Starting next week, drivers in the state of Texas will be able to order a specialty license plate featuring a picture of Calvary Hill and the words "one state under God" to the delight of many residents.
The official license plate, approved by the governing board at the state's Department of Vehicles last December, was the subject of much controversy in 2011 due to its religious design, which some felt was disrespectful and discriminatory.
But regardless of the dissenting opinions, the Texas board decided by a 4-3 vote to allow the religious plate designed by Glory Gang, a nonprofit youth organization, to be accepted into their program.
"The message of the Calvary Hill plate is the message that we give to the children we work with: there is hope," Matt Rocco, a Glory Gang board member, said.
The organization works with at-risk children ages 3-12 in Nacogdoches County, imparting hope by meeting both tangible and spiritual needs.
They provide food, clothing, back to school backpacks, shoes, Christmas gifts and stockings, summer camp scholarships, and biblical training through weekly services and Vacation Bible School.
Glory Gang works to partner with all people to reach the underprivileged children in the county, which Rocco describes to be more than 75 percent of all students.
With the new Calvary Hill plates, many more could assist the ministry in bringing new life to the children from low-income communities since a portion of the proceeds will go to their ministry.
"We believe the new plate will appeal to a lot of Texans who believe as we do – who will like knowing that sharing a Christian message from their cars will also help kids in need," Rocco added.
While the ministry sees the new plate as an opportunity to help children and a "simple way to drive your passion on every highway, byway, city street or county road in Texas," others claim it is government endorsement of religion.
The Texas Freedom Network has been one of the most vocal groups opposed to the plates.
Kathy Miller, the TFN President, previously said, "It's become pretty clear that our governor (Rick Perry) is dismissive of religious beliefs other than his own, and now his governmental appointees have voted to send a message that Texas is unwelcoming to the religious faiths of some of its citizens."
"The truth is that giving government the power to play favorites with faith ultimately diminishes religious freedom for everyone."
But the Liberty Institute asserted that anyone who opposed the plate did not understand the law or have respect for the First Amendment, which protects private speech.
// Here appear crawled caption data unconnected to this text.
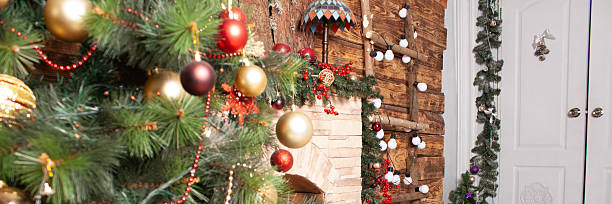 istock Christmas tree with decorative ornaments and gift boxes on floor for winter holiday celebration. Festive home decor for new year. 2244100376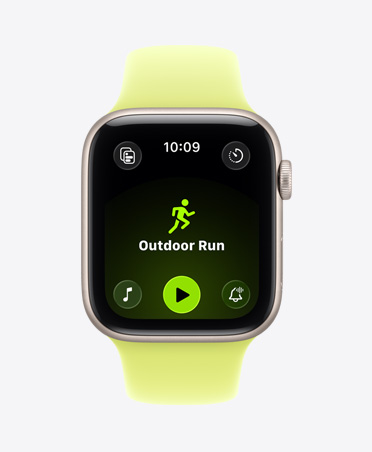 Apple Watch SE 3 com caixa em alumínio luz das estrelas, treino de Corrida (ar livre), controlos de reprodução da Apple Music na parte inferior do ecrã e Bracelete desportiva amarelo-néon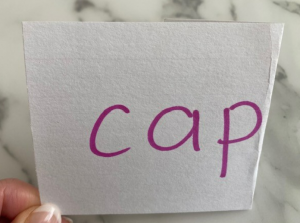index card with the word cap, e is folded out of view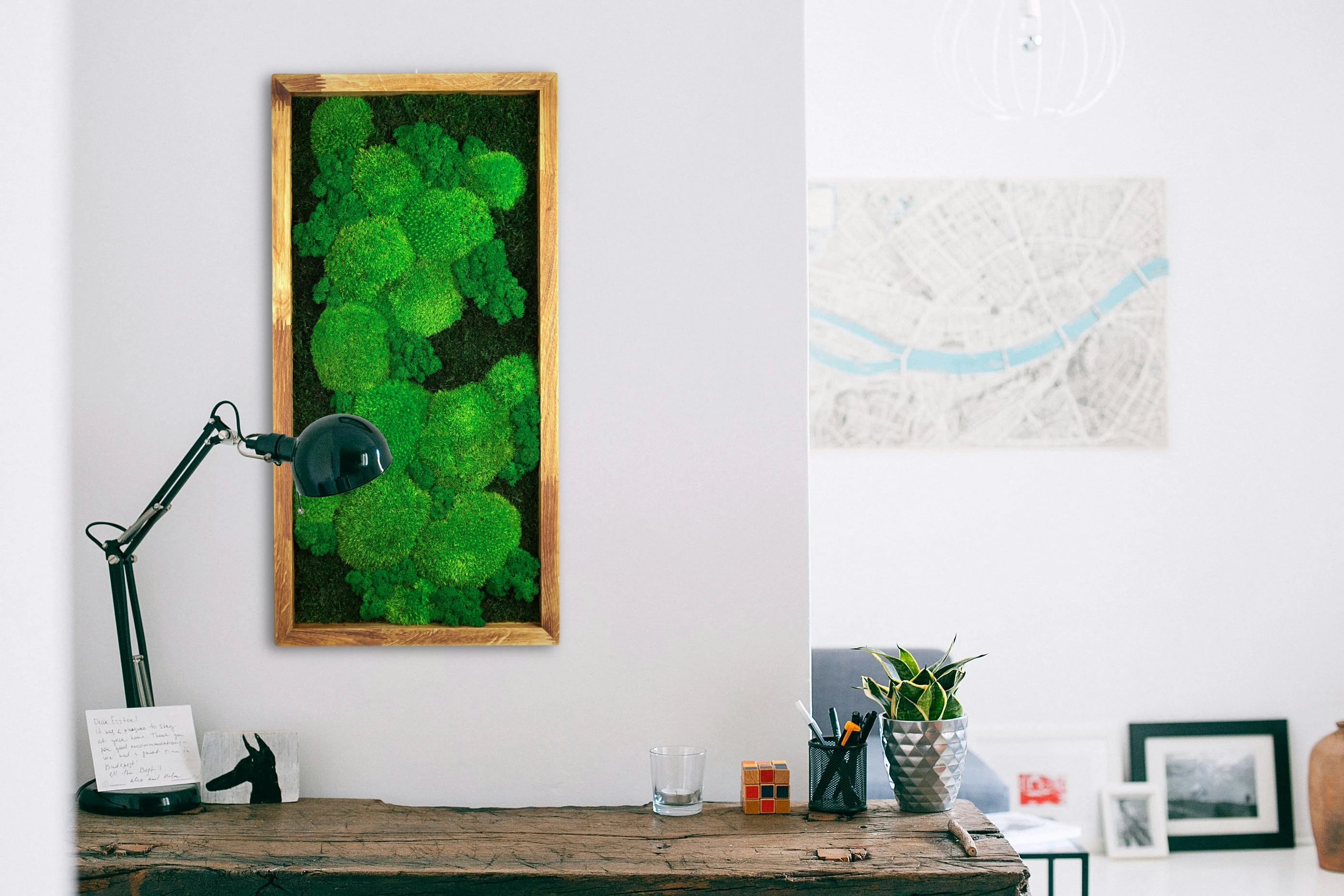 Handgemachtes Moosbild mit dem Namen "Growth" in einem Echtholzrahmen über einem rustikalen Schreibtisch.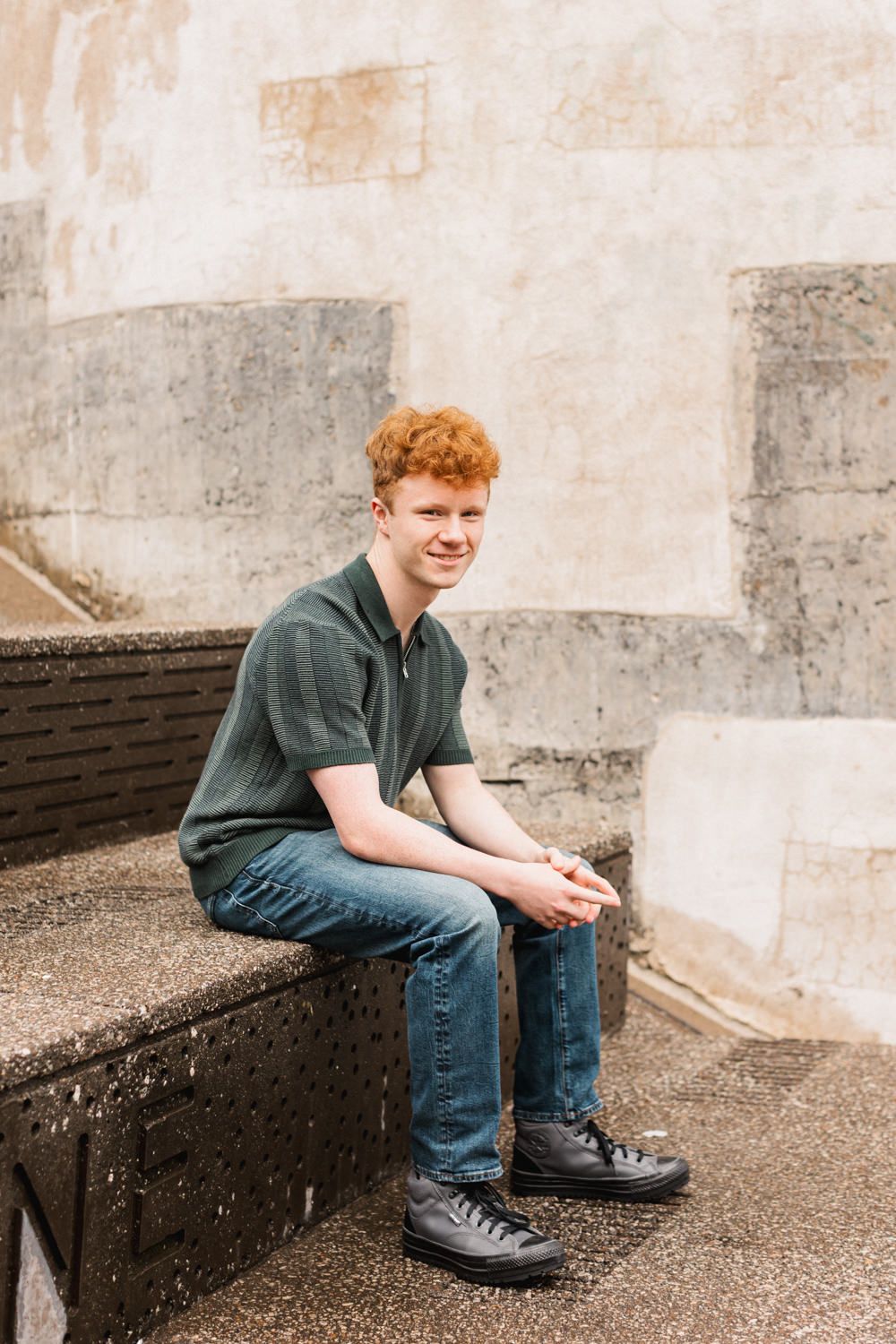 Youth sitting on concrete steps wearing a dark polo shirt and jeans.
"The purchase and design of a specialty license plate is after all a private decision and a private endeavor that merely passes through the DMV as one of many private or public arrangements that Texas participates in with the public."
The organization also noted that the phrase "One State Under God" is widely supported in Texas and that "extreme liberal activist groups" are out of touch with mainstream Texas and American values in general.
Calls to the Glory Gang by The Christian Post were not answered on Friday.
The new Calvary Hill license plates will be available to order at www.myplates.com beginning March 19. Though the plates start at $55 a year, the cost can increase if drivers seek to customize their plates.